Entering the southern port of Gili Trawangan is like stepping into a bazaar. Beachgoers cycle past even more beachgoers in their flip flops, their faces flushed pink from the sun. Musicians are playing reggae music to people lounging on beanbags, their feet stretched out on the sand. The music mingles with the smoke floating from the squids and tuna being grilled at restaurants decorated with seashell ornaments. We are being driven to the north by a horse trotting on the ground that changes from sand to deep red earth again and again to no particular rhythm. Closer to the north, the sounds of civilisation dissipate, replaced by cicadas and crowing chickens. Finally we pull up in front of our hotel and the ocean comes into full view. We kick off our sandals and sink into the water, almost forgetting that it’s time for dinner

FOOD 

In a way, the food on Gili Trawangan reflects the people who had come, loved and stayed. One day, we are having tagliatelle with tuna and homemade gnocchi at My House. On another, we are having skewered seafood slathered in tomato sauce at Warung Jaman Now. At the Caribbean Casa Vintage Beach, we are having cassava wedges when we find out that “The dumplings are sold out.” As we are having jerk chicken and fish stew, the waiters carry more plates to our table that is already overflowing with food. Did they misunderstand our orders? To our astonished eyes, they burst out laughing and chuckle, “Joke, it’s a joke.” We join in the laughter when we realise the meaning of it all. Island life can be pleasantly unserious.

BOAT TRIP

An early morning wake up call leads to a boat ride around the three islands with Babas and Sukry from Gili Bahari Cruise. We can’t resist plunging into the clear water for a swim before emerging for grilled bananas drizzled with tahini on toasts. It didn’t take long for us to reach Gili Meno where the ocean is met by the softest, whitest sand. I like beaches like this. It’s just bliss rolling around in the spotless sand and sea. On the way back, Babas picks up a conch from the water. After examining it, he says, “We have to throw it back. It’s too small.” It’s no wonder that the turtles love the sparkling waters of the Gilis. 

SUMI SATE

It was a rainy day when we found ourselves at Sumi Sate.
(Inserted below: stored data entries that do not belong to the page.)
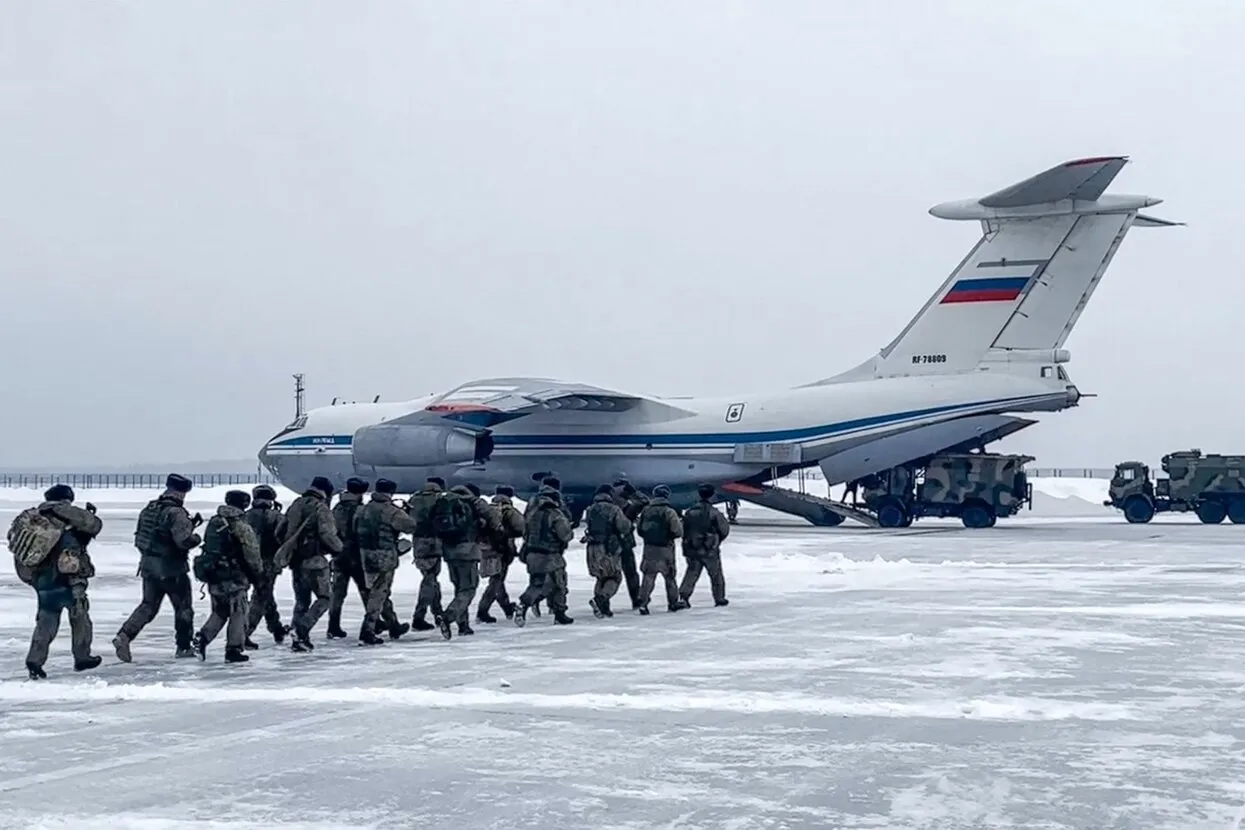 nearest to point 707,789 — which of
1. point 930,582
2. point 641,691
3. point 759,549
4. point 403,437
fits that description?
point 641,691

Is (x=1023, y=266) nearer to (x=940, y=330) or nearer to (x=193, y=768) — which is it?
(x=940, y=330)

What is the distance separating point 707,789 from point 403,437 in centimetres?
2499

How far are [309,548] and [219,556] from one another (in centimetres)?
100

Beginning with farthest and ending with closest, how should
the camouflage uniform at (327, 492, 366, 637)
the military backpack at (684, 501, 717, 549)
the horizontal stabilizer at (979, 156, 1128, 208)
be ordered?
the horizontal stabilizer at (979, 156, 1128, 208) → the military backpack at (684, 501, 717, 549) → the camouflage uniform at (327, 492, 366, 637)

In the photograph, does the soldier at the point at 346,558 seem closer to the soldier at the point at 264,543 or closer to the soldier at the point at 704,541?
the soldier at the point at 264,543

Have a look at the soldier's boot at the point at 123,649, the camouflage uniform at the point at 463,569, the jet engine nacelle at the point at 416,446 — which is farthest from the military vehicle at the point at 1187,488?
the soldier's boot at the point at 123,649

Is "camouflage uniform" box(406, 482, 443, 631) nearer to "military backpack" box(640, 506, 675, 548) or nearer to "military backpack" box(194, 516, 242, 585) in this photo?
"military backpack" box(194, 516, 242, 585)

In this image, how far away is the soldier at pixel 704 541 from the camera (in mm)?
15500

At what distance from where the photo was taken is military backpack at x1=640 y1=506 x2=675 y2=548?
15125 millimetres

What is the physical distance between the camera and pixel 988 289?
31203 millimetres

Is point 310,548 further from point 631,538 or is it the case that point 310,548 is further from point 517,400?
point 517,400

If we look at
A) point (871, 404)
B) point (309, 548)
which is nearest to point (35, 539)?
point (309, 548)

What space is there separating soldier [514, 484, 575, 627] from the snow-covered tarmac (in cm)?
33

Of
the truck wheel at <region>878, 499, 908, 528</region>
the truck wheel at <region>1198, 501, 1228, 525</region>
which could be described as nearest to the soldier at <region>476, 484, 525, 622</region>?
the truck wheel at <region>878, 499, 908, 528</region> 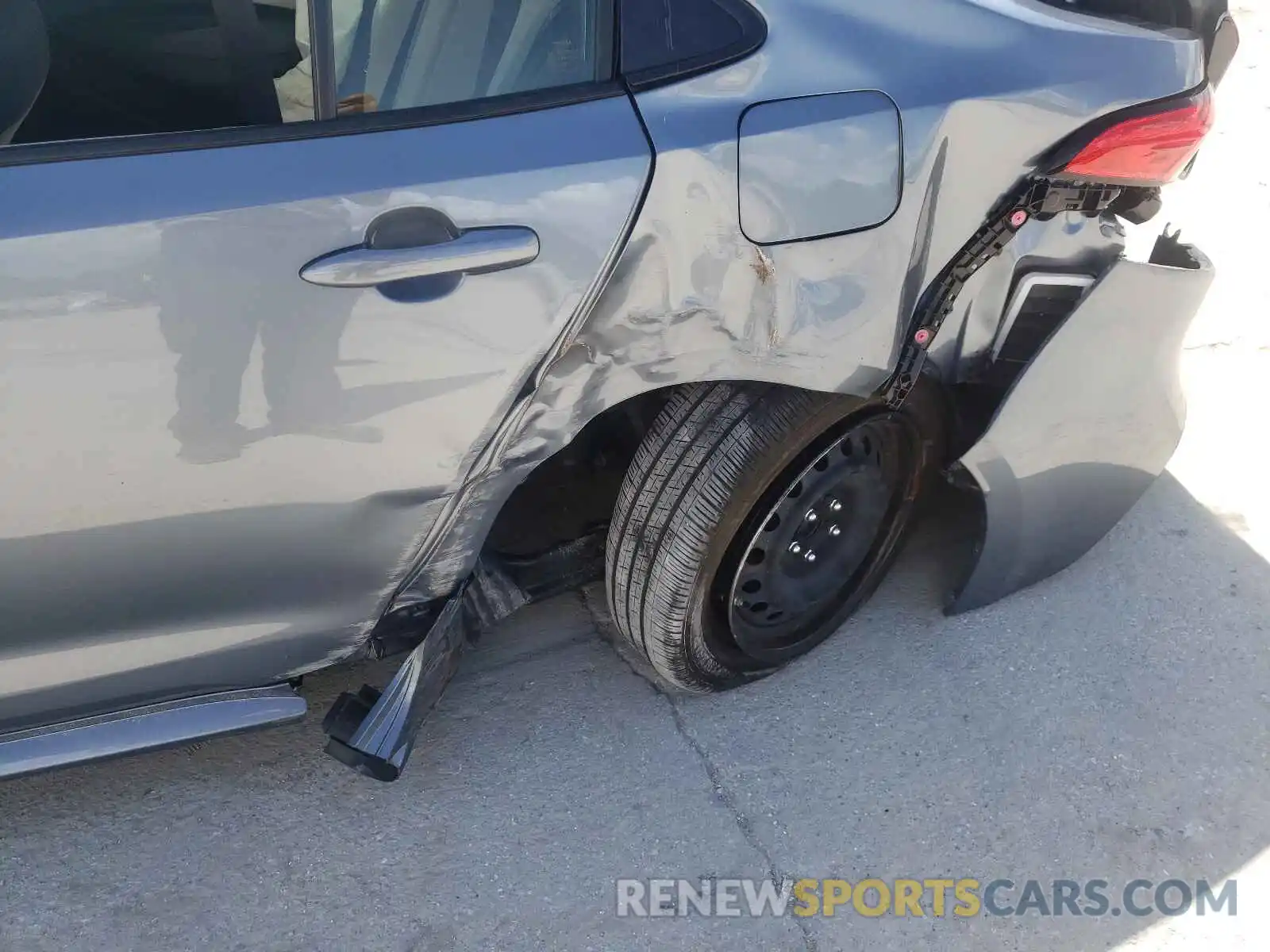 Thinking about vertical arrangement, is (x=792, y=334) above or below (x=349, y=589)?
above

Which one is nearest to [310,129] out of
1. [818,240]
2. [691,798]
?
[818,240]

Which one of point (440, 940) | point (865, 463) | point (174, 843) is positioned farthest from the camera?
point (865, 463)

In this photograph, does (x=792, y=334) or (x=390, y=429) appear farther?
(x=792, y=334)

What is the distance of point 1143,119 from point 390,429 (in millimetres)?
1296

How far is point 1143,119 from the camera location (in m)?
1.71

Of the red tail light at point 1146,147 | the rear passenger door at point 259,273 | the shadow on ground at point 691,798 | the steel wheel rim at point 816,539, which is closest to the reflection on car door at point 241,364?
the rear passenger door at point 259,273

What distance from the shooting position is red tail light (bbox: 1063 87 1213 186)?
1703 millimetres

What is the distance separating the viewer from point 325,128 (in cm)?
142

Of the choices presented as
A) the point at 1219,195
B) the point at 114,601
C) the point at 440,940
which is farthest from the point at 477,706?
the point at 1219,195

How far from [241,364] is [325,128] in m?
0.34

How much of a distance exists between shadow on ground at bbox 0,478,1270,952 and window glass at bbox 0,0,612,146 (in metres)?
1.20

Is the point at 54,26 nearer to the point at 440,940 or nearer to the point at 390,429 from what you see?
the point at 390,429

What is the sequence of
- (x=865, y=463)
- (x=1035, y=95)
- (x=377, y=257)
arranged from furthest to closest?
(x=865, y=463) < (x=1035, y=95) < (x=377, y=257) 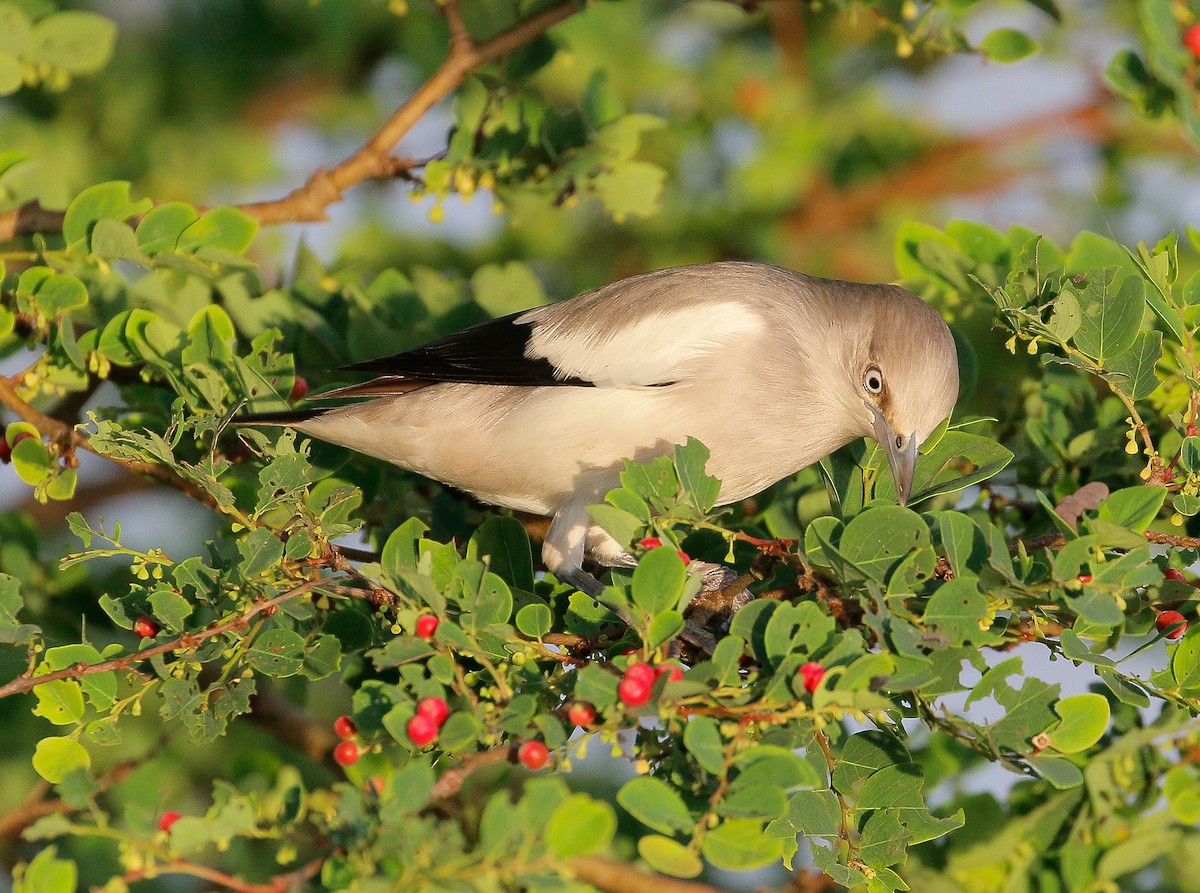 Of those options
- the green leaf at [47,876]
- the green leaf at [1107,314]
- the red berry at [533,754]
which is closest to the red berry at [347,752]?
the red berry at [533,754]

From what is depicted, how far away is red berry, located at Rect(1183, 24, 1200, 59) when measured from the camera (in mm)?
3656

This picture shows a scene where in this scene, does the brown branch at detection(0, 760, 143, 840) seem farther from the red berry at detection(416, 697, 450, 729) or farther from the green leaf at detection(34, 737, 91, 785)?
the red berry at detection(416, 697, 450, 729)

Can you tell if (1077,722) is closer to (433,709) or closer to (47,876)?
(433,709)

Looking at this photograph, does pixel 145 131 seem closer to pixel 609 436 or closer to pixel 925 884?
pixel 609 436

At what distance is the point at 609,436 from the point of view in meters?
3.79

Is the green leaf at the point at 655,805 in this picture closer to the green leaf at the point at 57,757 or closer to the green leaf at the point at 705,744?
the green leaf at the point at 705,744

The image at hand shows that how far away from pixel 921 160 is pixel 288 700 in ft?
16.9

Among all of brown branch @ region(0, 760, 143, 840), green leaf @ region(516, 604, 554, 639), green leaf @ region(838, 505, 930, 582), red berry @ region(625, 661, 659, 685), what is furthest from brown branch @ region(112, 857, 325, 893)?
green leaf @ region(838, 505, 930, 582)

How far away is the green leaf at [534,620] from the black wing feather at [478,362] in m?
1.31

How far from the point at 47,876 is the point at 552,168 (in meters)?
2.98

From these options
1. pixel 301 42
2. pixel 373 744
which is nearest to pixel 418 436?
pixel 373 744

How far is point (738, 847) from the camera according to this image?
7.13 ft

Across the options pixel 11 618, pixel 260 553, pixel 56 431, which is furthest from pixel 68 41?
pixel 260 553

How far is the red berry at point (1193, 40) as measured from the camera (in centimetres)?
366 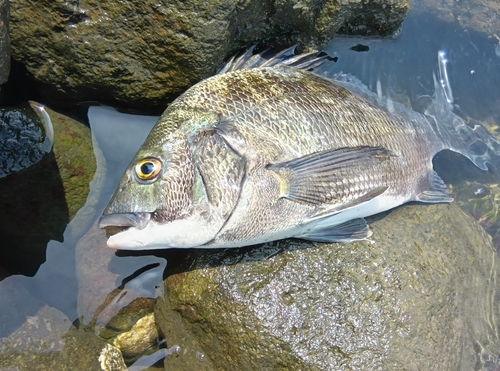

A makeshift stall that had pots of boiling bakso soup and sates cooking on charcoal. That day, even the rain could not dampen the charcoal fire that was sizzling the rows of chicken and beef skewered on bamboo sticks. We could never forget this meal, the best – in our opinion – of the island. For me, it was the sate dipped in the smooth-as-butter peanut sauce. As for Roy, the bakso won his heart. 

NERO NORTH 

Our mornings are spent at the beach in front of Nero North swimming with the turtles as they breakfast on coral reefs. We do our best to idle our time away on the beach, having a glass of papaya juice or two. By the time we get up from the water, we are ready for our own breakfast of mee goreng and poached eggs on spinach toasts which lasts until the afternoon sun makes it too glaring to head to the beach. I can’t think of a better way to spend a morning at the Gilis.